◆ **Task prompt**: The answer must consist only of the lines from the line with "Set of vector" to the line with "Я не буду раскрывать", both included, exactly as they stand below.

(Scraped caption text data)
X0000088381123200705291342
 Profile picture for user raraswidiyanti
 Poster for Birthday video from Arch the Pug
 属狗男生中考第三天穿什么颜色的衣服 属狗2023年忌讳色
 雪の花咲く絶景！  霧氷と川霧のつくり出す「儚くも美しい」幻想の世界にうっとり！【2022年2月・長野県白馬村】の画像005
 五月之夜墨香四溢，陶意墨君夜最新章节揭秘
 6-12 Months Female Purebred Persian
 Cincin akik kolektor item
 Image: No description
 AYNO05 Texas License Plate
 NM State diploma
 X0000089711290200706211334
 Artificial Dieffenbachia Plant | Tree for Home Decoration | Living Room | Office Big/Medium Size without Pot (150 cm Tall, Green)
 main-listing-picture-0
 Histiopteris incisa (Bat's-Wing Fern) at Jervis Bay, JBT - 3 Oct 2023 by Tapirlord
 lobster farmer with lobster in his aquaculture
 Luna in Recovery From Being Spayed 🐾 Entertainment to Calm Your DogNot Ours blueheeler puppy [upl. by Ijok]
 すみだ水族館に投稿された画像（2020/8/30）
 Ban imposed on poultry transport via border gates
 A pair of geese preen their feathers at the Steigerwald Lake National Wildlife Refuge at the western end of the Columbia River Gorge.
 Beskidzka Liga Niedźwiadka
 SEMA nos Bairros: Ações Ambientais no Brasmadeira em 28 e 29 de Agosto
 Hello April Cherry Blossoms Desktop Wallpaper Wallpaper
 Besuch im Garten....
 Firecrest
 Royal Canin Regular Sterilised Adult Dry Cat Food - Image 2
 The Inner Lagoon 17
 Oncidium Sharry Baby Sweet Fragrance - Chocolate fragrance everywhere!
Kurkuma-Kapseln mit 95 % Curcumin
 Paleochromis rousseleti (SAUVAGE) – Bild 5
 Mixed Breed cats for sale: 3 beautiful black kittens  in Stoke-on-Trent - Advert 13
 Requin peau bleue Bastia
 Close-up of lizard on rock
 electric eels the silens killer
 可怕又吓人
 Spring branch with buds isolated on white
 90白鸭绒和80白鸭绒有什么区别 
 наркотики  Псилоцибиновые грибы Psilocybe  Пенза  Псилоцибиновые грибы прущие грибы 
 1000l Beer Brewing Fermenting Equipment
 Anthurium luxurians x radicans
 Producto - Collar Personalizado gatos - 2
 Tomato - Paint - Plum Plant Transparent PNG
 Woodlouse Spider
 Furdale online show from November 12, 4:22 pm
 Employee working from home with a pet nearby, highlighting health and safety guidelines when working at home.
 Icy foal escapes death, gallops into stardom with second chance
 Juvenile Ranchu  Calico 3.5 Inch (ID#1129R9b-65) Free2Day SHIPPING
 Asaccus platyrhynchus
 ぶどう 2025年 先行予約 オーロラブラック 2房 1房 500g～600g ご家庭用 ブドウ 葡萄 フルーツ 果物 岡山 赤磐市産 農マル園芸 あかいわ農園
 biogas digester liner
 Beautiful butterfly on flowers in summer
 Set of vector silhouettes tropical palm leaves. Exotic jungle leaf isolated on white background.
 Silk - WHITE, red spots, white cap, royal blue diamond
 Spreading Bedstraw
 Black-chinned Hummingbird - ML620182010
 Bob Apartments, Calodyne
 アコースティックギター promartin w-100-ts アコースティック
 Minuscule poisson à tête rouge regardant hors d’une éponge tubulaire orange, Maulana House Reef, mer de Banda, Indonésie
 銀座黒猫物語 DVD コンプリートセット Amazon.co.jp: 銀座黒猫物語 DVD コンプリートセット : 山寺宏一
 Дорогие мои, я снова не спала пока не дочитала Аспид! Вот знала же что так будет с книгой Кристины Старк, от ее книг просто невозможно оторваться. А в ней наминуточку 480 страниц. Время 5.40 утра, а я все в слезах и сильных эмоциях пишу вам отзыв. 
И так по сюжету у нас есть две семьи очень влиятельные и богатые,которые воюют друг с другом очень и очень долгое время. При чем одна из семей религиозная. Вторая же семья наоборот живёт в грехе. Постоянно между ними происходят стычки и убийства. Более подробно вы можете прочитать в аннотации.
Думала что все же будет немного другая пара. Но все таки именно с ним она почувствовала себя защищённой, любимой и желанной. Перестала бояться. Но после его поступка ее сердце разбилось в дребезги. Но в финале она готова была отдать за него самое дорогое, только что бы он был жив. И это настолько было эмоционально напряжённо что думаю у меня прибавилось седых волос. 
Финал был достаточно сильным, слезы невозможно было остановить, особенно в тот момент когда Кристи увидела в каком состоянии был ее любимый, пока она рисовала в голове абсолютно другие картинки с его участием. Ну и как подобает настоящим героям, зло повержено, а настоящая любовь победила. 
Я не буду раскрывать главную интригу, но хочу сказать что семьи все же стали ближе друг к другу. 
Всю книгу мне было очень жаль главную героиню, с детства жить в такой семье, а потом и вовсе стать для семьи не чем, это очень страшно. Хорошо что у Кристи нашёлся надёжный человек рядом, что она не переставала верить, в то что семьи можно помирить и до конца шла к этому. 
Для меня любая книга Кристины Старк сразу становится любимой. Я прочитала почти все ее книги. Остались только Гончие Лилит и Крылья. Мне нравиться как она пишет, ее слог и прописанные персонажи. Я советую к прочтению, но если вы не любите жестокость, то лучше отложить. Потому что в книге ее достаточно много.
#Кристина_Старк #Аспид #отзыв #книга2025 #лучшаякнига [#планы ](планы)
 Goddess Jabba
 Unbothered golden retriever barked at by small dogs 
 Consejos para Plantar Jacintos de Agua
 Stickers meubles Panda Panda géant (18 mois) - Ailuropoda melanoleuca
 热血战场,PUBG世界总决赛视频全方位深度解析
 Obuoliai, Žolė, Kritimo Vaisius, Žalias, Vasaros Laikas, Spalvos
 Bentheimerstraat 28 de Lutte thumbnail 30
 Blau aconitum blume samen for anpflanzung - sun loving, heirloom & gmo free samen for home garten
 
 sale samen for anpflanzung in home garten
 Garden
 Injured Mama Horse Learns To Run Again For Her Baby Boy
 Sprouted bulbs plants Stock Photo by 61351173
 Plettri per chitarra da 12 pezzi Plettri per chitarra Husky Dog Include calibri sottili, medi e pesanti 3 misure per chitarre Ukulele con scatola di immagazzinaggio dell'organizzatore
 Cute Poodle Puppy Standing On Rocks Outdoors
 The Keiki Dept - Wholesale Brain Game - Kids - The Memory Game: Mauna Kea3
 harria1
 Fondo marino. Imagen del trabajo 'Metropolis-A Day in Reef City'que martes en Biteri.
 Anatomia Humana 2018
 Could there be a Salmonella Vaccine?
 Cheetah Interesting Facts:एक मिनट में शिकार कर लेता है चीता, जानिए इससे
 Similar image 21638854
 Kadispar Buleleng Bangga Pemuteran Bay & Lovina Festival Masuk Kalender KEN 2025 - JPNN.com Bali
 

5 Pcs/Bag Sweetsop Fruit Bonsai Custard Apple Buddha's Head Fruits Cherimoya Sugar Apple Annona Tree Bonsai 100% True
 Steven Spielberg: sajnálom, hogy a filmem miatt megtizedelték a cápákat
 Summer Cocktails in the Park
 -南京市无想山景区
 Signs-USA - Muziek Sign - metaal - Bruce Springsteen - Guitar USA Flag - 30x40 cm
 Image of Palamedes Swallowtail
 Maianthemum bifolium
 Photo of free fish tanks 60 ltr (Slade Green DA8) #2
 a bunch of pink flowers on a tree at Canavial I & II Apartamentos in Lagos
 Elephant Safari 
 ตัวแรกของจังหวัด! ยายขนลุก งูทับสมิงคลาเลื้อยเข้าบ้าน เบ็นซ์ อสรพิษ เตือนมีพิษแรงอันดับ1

◆ **Expected answer**:
 Set of vector silhouettes tropical palm leaves. Exotic jungle leaf isolated on white background.
 Silk - WHITE, red spots, white cap, royal blue diamond
 Spreading Bedstraw
 Black-chinned Hummingbird - ML620182010
 Bob Apartments, Calodyne
 アコースティックギター promartin w-100-ts アコースティック
 Minuscule poisson à tête rouge regardant hors d’une éponge tubulaire orange, Maulana House Reef, mer de Banda, Indonésie
 銀座黒猫物語 DVD コンプリートセット Amazon.co.jp: 銀座黒猫物語 DVD コンプリートセット : 山寺宏一
 Дорогие мои, я снова не спала пока не дочитала Аспид! Вот знала же что так будет с книгой Кристины Старк, от ее книг просто невозможно оторваться. А в ней наминуточку 480 страниц. Время 5.40 утра, а я все в слезах и сильных эмоциях пишу вам отзыв. 
И так по сюжету у нас есть две семьи очень влиятельные и богатые,которые воюют друг с другом очень и очень долгое время. При чем одна из семей религиозная. Вторая же семья наоборот живёт в грехе. Постоянно между ними происходят стычки и убийства. Более подробно вы можете прочитать в аннотации.
Думала что все же будет немного другая пара. Но все таки именно с ним она почувствовала себя защищённой, любимой и желанной. Перестала бояться. Но после его поступка ее сердце разбилось в дребезги. Но в финале она готова была отдать за него самое дорогое, только что бы он был жив. И это настолько было эмоционально напряжённо что думаю у меня прибавилось седых волос. 
Финал был достаточно сильным, слезы невозможно было остановить, особенно в тот момент когда Кристи увидела в каком состоянии был ее любимый, пока она рисовала в голове абсолютно другие картинки с его участием. Ну и как подобает настоящим героям, зло повержено, а настоящая любовь победила. 
Я не буду раскрывать главную интригу, но хочу сказать что семьи все же стали ближе друг к другу. 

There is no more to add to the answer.